The reply should hold only the lines below beginning at the one with "Vera Bradley clutch" and ending at the one with "Lüks tropik otel", copied exactly, with every picture left out.

» INPUT MATERIAL:
▼▼▼
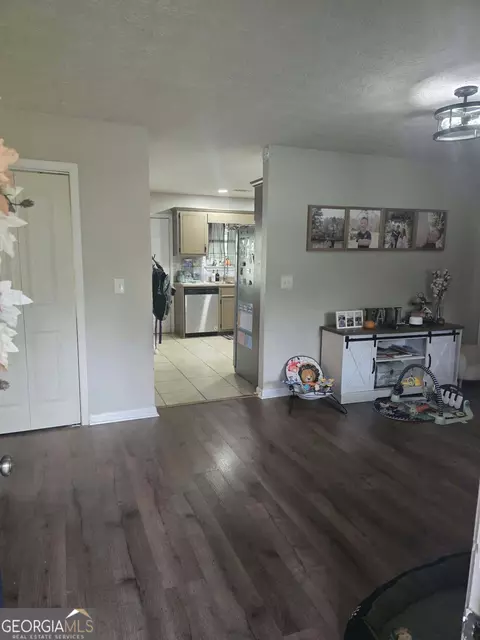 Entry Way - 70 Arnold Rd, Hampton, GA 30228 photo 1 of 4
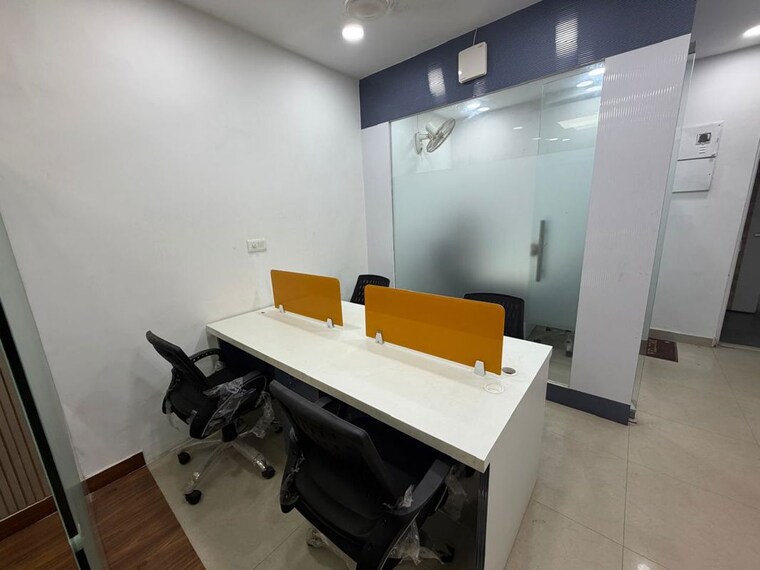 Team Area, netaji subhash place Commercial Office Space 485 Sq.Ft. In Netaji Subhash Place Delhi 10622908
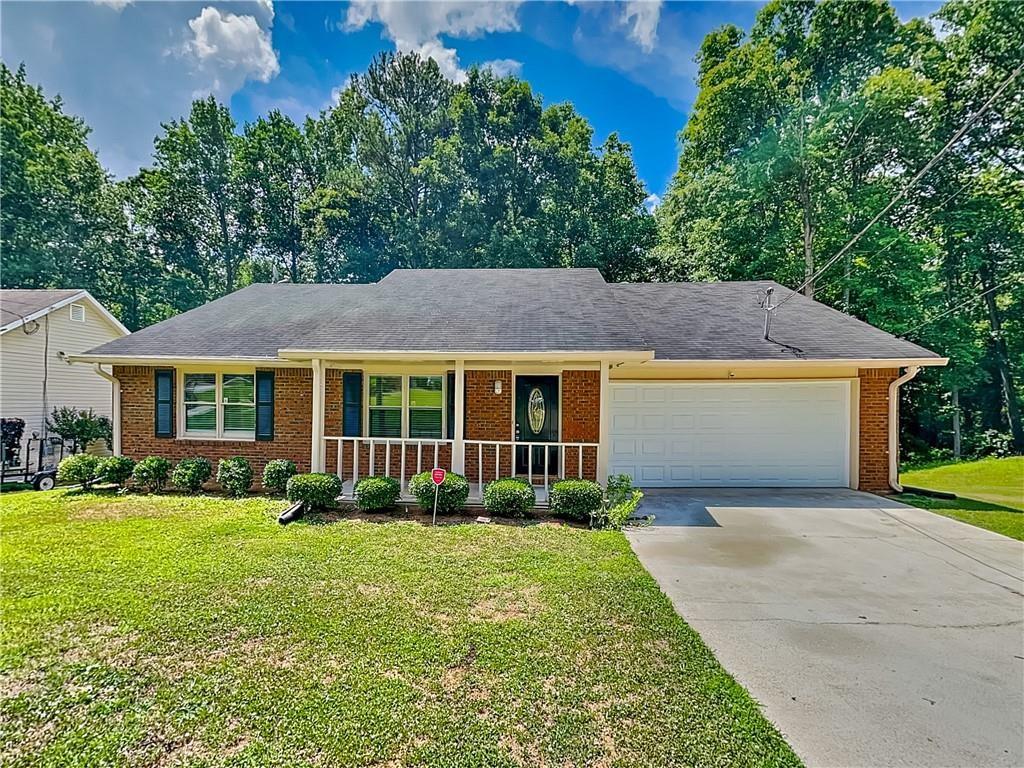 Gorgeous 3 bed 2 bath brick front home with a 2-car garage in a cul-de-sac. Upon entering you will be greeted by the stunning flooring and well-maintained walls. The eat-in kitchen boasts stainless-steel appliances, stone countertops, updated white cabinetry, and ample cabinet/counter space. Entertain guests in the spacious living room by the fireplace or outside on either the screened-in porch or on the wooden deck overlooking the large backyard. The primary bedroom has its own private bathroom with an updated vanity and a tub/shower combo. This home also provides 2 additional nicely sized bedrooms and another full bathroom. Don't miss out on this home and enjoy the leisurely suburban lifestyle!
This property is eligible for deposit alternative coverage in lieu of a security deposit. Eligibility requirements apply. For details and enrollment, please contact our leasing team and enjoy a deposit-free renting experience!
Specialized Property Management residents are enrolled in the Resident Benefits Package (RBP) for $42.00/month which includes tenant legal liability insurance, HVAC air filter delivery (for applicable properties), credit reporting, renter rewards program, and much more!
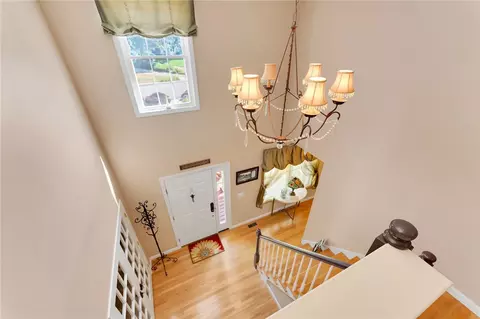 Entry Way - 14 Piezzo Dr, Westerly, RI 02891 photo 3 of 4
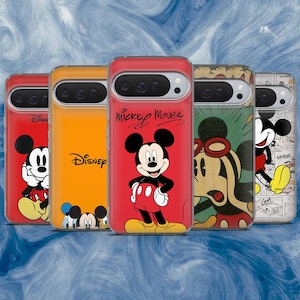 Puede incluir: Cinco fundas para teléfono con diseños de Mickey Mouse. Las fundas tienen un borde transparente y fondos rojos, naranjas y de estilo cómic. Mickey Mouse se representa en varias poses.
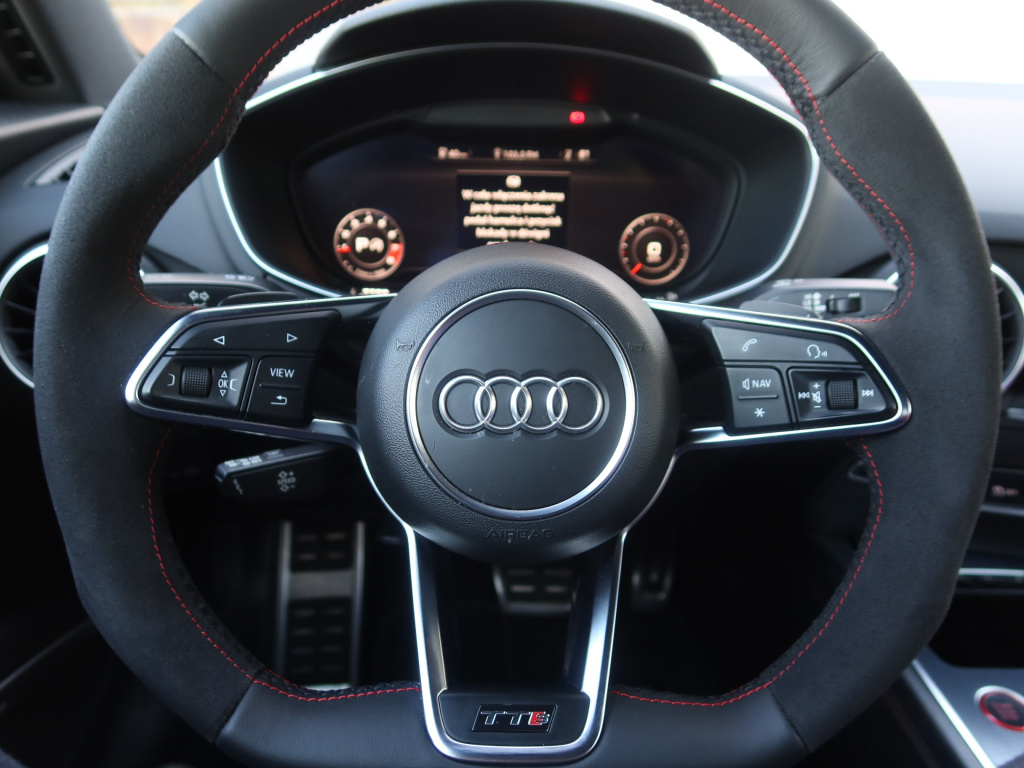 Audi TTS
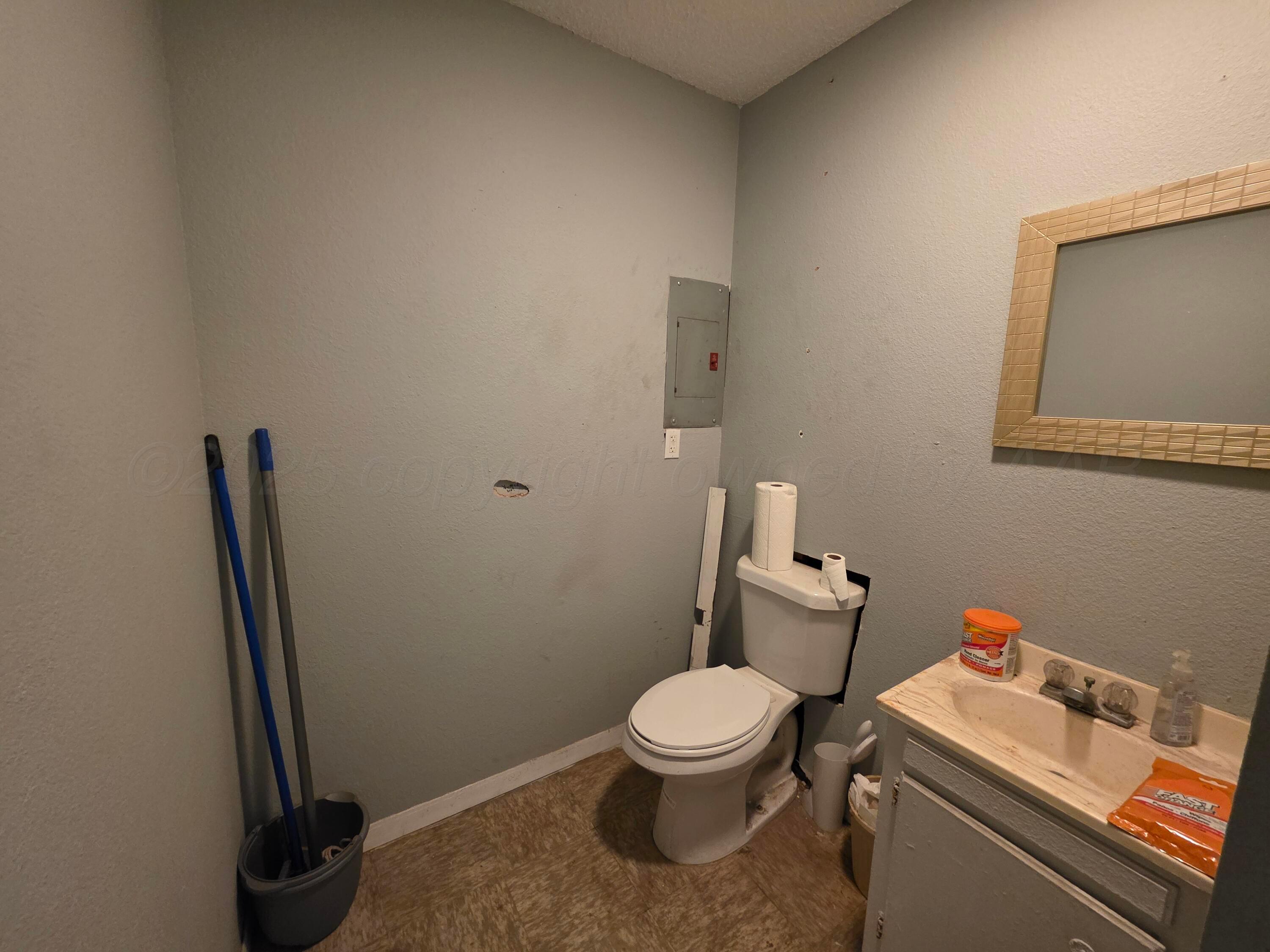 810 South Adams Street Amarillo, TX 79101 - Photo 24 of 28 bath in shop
▲▲▲
▼▼▼
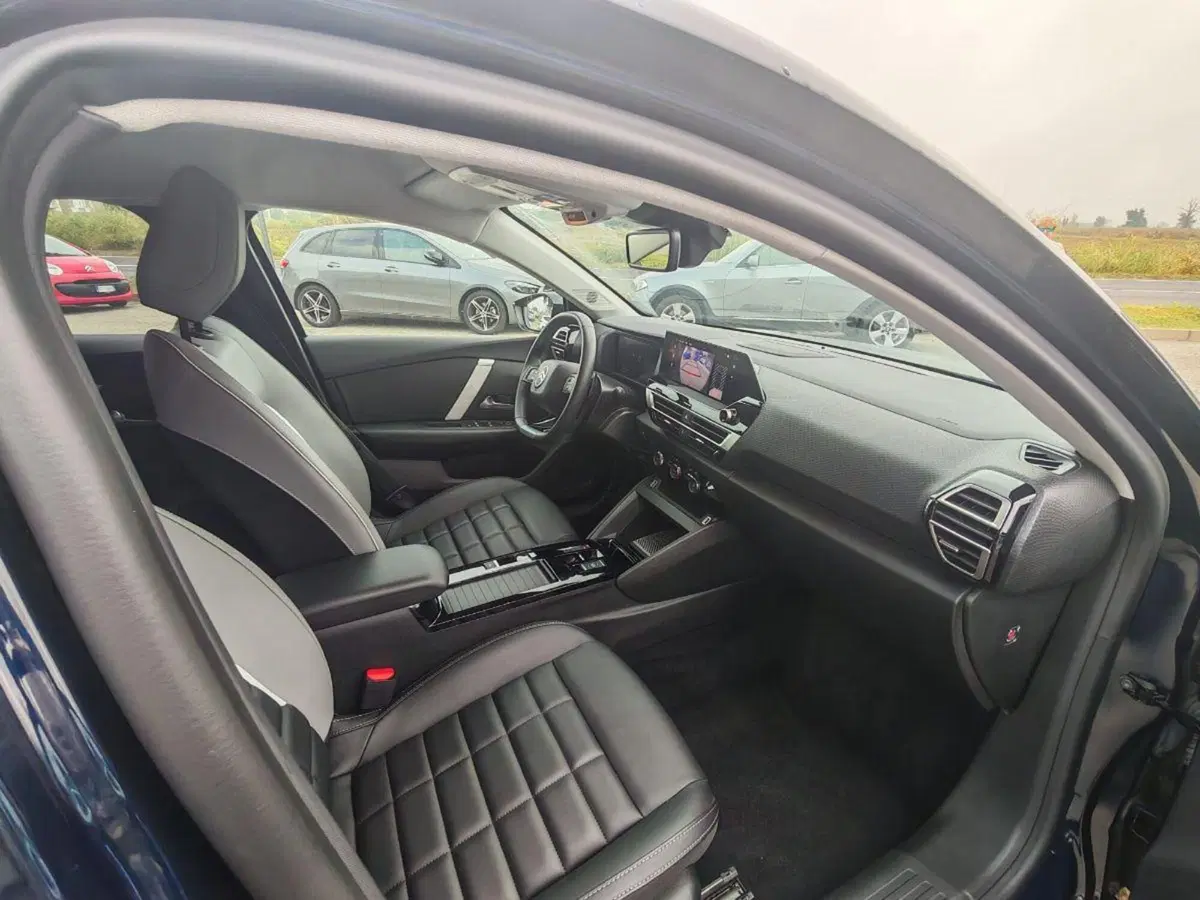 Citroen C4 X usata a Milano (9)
▲▲▲
▼▼▼
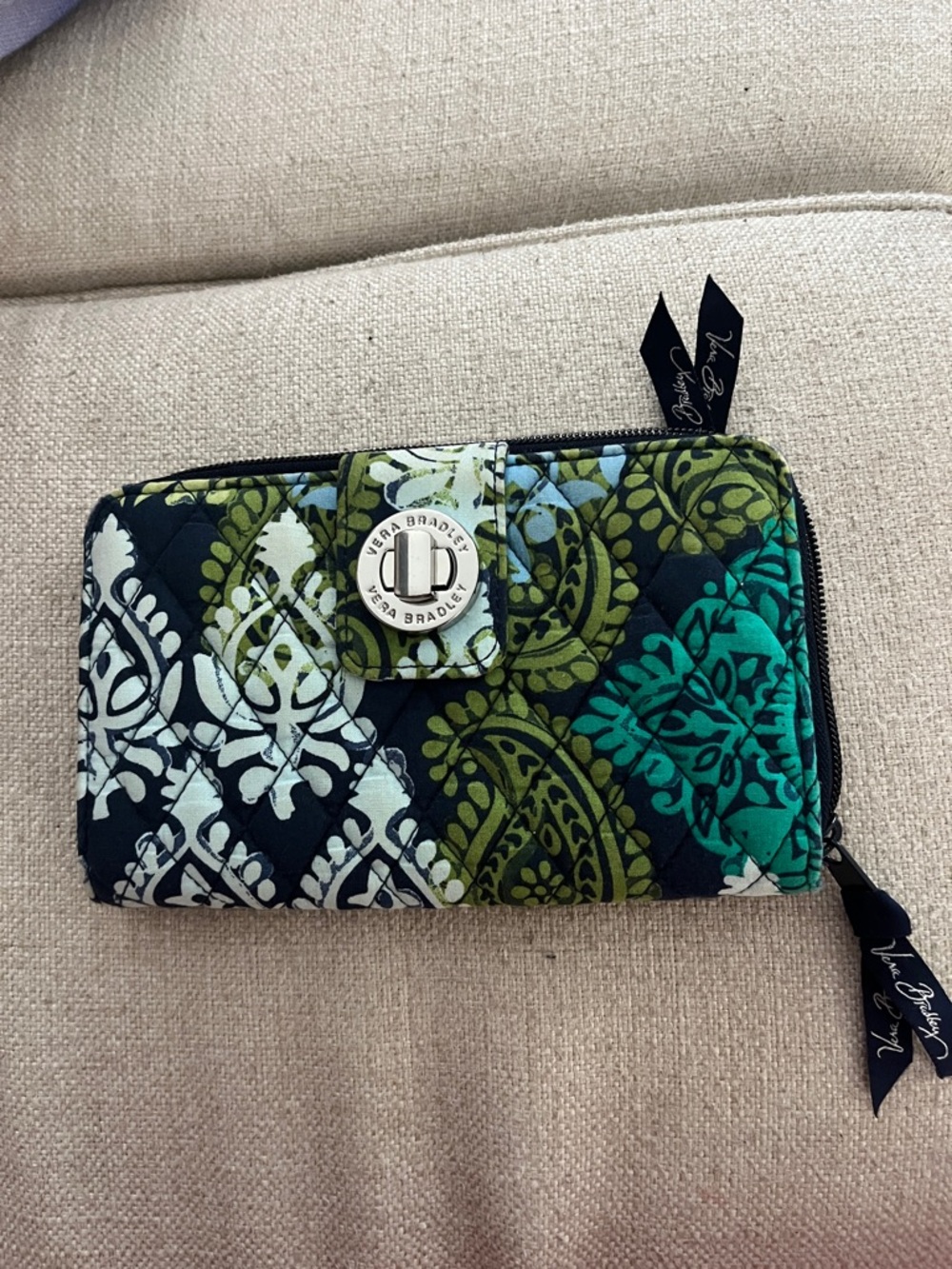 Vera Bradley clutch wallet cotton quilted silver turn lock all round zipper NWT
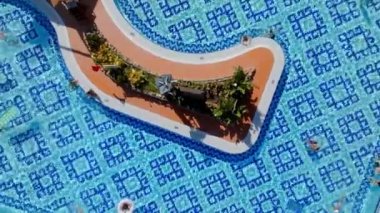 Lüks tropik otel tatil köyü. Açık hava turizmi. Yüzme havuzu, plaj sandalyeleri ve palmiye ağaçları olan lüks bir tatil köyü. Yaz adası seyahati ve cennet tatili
▲▲▲
» OUTPUT OF THE TASK:
 Vera Bradley clutch wallet cotton quilted silver turn lock all round zipper NWT
 Lüks tropik otel tatil köyü. Açık hava turizmi. Yüzme havuzu, plaj sandalyeleri ve palmiye ağaçları olan lüks bir tatil köyü. Yaz adası seyahati ve cennet tatili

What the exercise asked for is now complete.